Father Shtjefen Kurti, the Kosovan-born one-time confessor to Mother Teresa and to Queen Geraldine of Albania, spent 17 years in prison for being an alleged Western agent.
After being released in 1964, at the age of 66, Kurti continued to baptise children in secret, even though administering the sacraments was against the law.
Kurti was also being tracked by agents of the Sigurimi, the Albanian secret police.
The priest was finally killed by firing squad in 1971, after a show trial in a former church on charges of espionage, sabotage and covert religious activity.
But not before he told the judge:
“You are not condemning me to death, because death and life is in God’s hands, but you are condemning me to a shortened life”.
For the record
The Hoxha regime didn’t just target Catholics – it also persecuted Muslims.

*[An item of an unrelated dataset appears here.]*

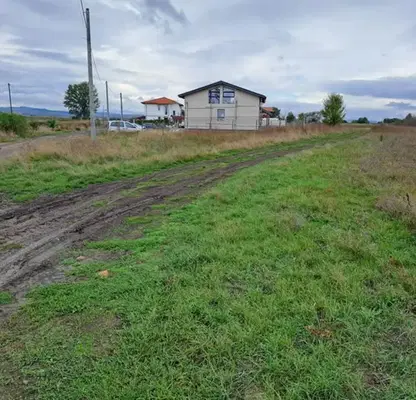 Photo 3 — Plot in област София, Kostinbrod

Muslim cleric Hafiz Ali Kraja spent 19 years in prison for giving a speech in 1944 warning of the negative consequences of communism for Albania.
Another imam, Hafiz Sabri Koci, suffered 20 years’ imprisonment.
All the while, both believers continued to observe the fasting month of Ramadan, along with other Islamic cultural traditions.
Why it matters
Although sociologists warn that Albania’s war on religion has left a mark on contemporary society, the majority of its population today – more than 75%, according to a 2011 census – say they still have faith.
Almost 57% of citizens say they are Muslim. 10% are Catholic, 6.75% are Orthodox and just over 2% belong to the Bektashi, an order of Sufi dervish.
Just 2.5% of the population identify as atheist.
Proof that even the most militant of worldly ideologies are no match for the saints, whether Christian, Muslim or those of another religion.